Sur les conclusions indemnitaires :

En ce qui concerne la première faute alléguée et tirée de l'illégalité de l'arrêté de péril ordinaire entaché d'un vice de procédure :

2. Si l'intervention d'une décision illégale peut constituer une faute susceptible d'engager la responsabilité d'une commune, elle ne saurait donner lieu à réparation si, dans le cas d'une procédure régulière, la même décision avait pu légalement être prise.

3. Par un arrêt du 14 novembre 2017, la cour administrative d'appel de Nancy a annulé l'arrêté de péril du 24 décembre 2015 pris à l'encontre de Mme A... ainsi que par voie de conséquence, l'arrêté du 3 mars 2016 par lequel le maire de Senoncourt-lès-Maujouy a mis en demeure Mme A... d'exécuter l'arrêté du 24 décembre 2015, au motif que ce dernier était entaché d'un vice ayant affecté la procédure contradictoire, Mme A... ayant été privée d'un délai de plus de dix jours pour présenter ses observations avant que la décision de péril ordinaire soit prise.

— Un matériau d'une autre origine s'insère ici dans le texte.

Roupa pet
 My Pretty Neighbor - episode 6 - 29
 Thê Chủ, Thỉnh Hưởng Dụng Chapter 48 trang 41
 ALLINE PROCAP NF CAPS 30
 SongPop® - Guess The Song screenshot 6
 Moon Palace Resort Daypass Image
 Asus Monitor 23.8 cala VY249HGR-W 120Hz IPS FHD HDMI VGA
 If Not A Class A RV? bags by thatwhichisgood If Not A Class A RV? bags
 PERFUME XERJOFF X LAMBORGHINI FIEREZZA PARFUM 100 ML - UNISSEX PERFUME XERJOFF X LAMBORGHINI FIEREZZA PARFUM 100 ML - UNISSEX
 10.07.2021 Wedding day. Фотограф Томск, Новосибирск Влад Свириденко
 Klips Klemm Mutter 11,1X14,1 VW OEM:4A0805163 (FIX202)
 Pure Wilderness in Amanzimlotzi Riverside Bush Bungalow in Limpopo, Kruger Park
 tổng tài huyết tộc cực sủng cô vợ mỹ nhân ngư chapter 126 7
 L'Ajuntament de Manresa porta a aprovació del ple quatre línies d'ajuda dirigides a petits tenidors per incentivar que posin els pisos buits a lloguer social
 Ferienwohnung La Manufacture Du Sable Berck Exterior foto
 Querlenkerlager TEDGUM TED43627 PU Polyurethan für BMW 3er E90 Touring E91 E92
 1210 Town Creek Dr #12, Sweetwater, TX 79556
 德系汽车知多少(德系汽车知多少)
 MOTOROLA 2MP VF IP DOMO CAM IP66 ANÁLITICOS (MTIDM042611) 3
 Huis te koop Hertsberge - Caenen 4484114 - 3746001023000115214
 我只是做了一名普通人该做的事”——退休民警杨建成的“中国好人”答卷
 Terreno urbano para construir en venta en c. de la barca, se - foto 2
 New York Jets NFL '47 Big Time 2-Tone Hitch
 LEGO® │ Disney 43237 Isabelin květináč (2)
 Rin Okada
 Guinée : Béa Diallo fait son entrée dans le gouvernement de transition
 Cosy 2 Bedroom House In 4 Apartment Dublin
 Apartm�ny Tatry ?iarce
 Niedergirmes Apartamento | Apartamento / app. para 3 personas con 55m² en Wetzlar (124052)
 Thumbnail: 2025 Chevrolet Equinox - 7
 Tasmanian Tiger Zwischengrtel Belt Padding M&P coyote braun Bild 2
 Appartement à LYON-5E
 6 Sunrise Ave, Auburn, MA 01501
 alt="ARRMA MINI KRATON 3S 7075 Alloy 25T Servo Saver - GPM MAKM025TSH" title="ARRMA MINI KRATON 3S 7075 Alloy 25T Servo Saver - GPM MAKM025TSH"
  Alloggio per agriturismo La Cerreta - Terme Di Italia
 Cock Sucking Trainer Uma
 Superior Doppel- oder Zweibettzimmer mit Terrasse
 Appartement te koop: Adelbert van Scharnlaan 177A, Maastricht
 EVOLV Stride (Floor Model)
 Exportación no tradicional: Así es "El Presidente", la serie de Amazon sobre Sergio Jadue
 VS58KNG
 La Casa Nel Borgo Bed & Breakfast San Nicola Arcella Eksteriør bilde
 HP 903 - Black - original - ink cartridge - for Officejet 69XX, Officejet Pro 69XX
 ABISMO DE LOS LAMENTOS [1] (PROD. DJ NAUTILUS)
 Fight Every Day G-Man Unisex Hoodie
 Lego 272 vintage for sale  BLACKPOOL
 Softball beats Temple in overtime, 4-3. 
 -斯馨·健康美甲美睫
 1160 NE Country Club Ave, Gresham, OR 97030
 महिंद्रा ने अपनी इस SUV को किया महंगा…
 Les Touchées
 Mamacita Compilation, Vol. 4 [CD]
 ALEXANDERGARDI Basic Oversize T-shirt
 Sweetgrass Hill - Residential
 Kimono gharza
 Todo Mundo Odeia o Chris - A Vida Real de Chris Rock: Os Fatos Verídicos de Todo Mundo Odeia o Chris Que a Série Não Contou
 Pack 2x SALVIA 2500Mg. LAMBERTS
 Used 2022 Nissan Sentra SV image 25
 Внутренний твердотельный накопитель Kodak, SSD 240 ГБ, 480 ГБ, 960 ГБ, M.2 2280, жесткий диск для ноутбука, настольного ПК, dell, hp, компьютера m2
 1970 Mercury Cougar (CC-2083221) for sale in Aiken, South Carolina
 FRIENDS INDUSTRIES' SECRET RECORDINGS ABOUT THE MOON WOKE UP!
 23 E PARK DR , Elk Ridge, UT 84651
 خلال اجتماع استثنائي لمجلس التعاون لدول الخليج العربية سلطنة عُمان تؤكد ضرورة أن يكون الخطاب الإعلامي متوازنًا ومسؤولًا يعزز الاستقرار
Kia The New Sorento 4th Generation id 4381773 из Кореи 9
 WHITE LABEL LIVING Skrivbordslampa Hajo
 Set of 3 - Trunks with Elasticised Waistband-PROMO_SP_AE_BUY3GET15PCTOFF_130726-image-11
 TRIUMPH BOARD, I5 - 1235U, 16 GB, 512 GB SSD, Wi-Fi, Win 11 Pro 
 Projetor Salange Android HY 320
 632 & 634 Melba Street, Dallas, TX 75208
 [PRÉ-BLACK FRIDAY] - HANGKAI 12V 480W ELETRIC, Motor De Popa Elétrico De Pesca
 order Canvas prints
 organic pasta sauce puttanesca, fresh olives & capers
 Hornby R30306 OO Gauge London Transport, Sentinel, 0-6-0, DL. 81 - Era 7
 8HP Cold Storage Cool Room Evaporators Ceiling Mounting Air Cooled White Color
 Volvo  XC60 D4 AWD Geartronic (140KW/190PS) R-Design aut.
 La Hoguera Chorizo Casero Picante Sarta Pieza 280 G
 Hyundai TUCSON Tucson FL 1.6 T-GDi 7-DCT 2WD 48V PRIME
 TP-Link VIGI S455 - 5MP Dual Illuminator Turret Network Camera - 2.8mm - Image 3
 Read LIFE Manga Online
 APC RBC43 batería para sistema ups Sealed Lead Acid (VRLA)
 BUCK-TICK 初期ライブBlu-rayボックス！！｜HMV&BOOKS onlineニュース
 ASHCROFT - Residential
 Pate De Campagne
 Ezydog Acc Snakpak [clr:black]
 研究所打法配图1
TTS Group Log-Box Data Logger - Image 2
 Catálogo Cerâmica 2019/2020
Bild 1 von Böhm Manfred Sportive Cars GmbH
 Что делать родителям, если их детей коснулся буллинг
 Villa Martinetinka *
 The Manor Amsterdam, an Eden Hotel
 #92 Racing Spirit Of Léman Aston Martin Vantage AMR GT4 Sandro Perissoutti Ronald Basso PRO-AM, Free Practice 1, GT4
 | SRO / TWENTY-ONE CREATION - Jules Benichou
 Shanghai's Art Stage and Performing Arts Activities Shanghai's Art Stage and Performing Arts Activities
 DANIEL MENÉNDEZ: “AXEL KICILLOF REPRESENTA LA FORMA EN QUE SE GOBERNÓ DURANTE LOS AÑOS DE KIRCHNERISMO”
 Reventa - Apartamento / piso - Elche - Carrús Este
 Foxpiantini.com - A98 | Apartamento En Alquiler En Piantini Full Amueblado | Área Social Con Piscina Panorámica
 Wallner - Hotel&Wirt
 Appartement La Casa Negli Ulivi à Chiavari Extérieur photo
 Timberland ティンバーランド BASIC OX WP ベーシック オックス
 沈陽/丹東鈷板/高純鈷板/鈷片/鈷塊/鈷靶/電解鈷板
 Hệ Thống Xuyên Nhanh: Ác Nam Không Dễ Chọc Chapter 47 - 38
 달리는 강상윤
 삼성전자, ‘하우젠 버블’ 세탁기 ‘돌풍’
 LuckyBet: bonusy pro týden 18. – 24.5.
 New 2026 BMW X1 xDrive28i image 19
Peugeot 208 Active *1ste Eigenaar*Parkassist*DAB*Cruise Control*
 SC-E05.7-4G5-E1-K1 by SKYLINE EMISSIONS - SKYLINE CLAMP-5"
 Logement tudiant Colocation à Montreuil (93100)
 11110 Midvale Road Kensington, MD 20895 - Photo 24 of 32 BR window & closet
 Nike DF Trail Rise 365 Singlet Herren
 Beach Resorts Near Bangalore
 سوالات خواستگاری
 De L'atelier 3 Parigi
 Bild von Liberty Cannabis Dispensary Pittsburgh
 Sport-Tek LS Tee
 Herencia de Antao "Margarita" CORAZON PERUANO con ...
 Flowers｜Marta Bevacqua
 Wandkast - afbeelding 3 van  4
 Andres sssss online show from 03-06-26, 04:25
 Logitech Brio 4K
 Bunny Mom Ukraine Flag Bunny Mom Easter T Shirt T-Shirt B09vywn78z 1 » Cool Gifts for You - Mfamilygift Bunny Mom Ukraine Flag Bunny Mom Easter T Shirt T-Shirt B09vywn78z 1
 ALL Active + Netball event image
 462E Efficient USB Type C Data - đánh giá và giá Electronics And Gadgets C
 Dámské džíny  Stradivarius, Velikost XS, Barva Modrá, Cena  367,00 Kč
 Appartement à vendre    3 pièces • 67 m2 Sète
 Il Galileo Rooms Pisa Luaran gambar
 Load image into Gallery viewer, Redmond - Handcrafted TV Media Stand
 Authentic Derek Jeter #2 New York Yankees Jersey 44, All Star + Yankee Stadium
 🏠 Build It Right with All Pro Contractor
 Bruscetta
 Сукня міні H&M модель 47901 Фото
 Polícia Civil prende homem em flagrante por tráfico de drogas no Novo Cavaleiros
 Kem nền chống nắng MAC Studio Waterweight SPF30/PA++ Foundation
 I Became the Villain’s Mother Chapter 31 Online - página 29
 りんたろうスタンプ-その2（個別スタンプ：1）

4. La commune de Senoncourt-lès-Maujouy a ainsi commis une faute de nature à engager sa responsabilité en raison de l'illégalité de cette décision.

5. Toutefois, il résulte de l'instruction et plus précisément du rapport d'expertise du 14 octobre 2015, et sans que celui-ci puisse être remis en cause par la seule annulation des arrêtés des 24 décembre 2015 et 3 mars 2016 comme le fait valoir la requérante, que la toiture de l'immeuble de Mme A... était effondrée, que le plancher du rez-de-chaussée s'était partiellement écroulé, de même que le contre-mur jouxtant la propriété de l'immeuble voisin et que l'immeuble présentait ainsi un péril à la fois pour le domaine public, du fait de l'état du mur de façade dont la dégradation allait s'aggraver, pour le public, dès lors qu'il était possible d'accéder dans l'immeuble présentant des risques d'éboulement, et pour les immeubles voisins, en raison, notamment, des désordres sur la structure qu'aurait pu entraîner l'effondrement de l'immeuble de Mme A.... Le constat d'expert du 22 décembre 2016 conclut qu'aucune mesure conservatoire ne pouvait être prise pour éviter la dégradation de l'immeuble et qu'il devait être démoli dans les plus brefs délais.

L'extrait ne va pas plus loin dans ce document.